減価償却の計算方法4つのうち、3つを紹介しましょう。定額法と定率法は耐用年数つまり時間を基準として考えた計算方法で、、生産高比例法では生産高を基準に考えます。

  1. 定額法
  2. 定率法
  3. 生産高比例法

①定額法

定額法とは、減価償却の対象となる固定資産の購入代金を、毎年同じ額で計上していく計算方法のこと。無形固定資産(法律用の独占権利や施設権利、営業権利のこと)の計算方法は、この定額法に限定されています。

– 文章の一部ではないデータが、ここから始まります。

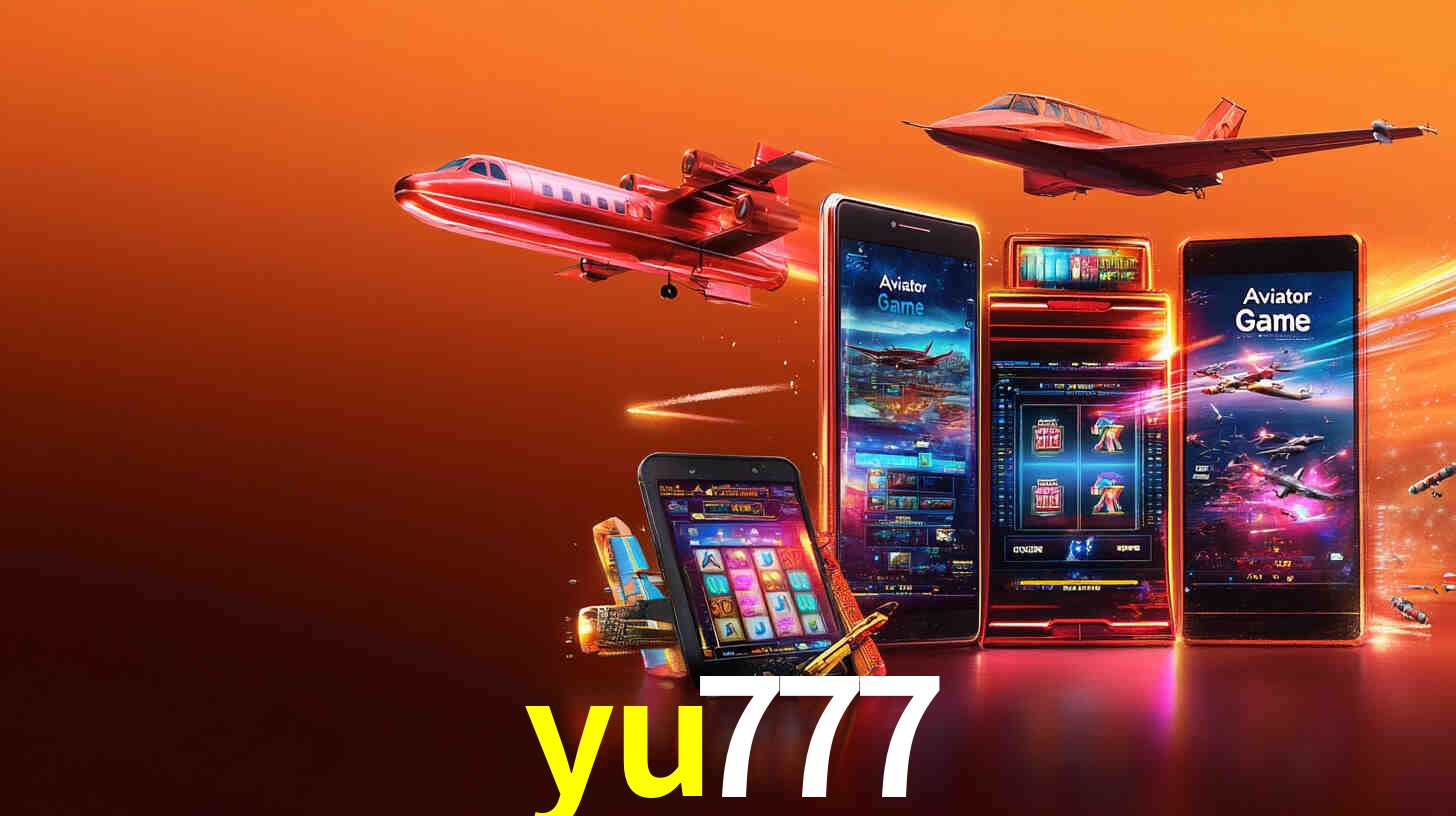 APK yu777 Android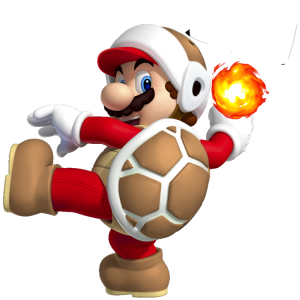 Mario PNG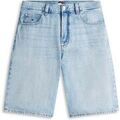 Shorts/Bermuda sur Grenoble : Short Tommy Jeans Theo Baggy Short Bj6
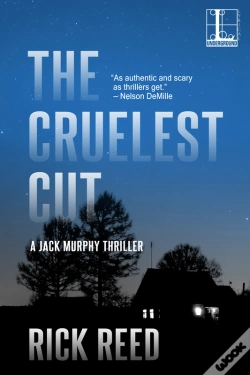 Capa do artigo Cruelest Cut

定額法には、計算が単純で償却額を算出しやすいメリットがある一方、収益力が低下した後年には負担比率が高くなるというデメリットが存在するのです。

定額法の計算方法

定額法では、次の計算式を用いて償却額を算出します。

償却額=取得価額×定額法の償却率

耐用年数5年の物品を200万円で購入したケースを例に見ていきましょう。定額法では、購入代金を耐用年数の期間で同額ずつ償却し、耐用年数5年の場合、償却率は全額を5分割した20%。つまり5年の間、毎年40万円ずつ償却していくことになるのです。

②定率法

定率法とは、初年度に大きな金額で計上し、その後一定の償却率を掛けて徐々に減少させていく方法のこと。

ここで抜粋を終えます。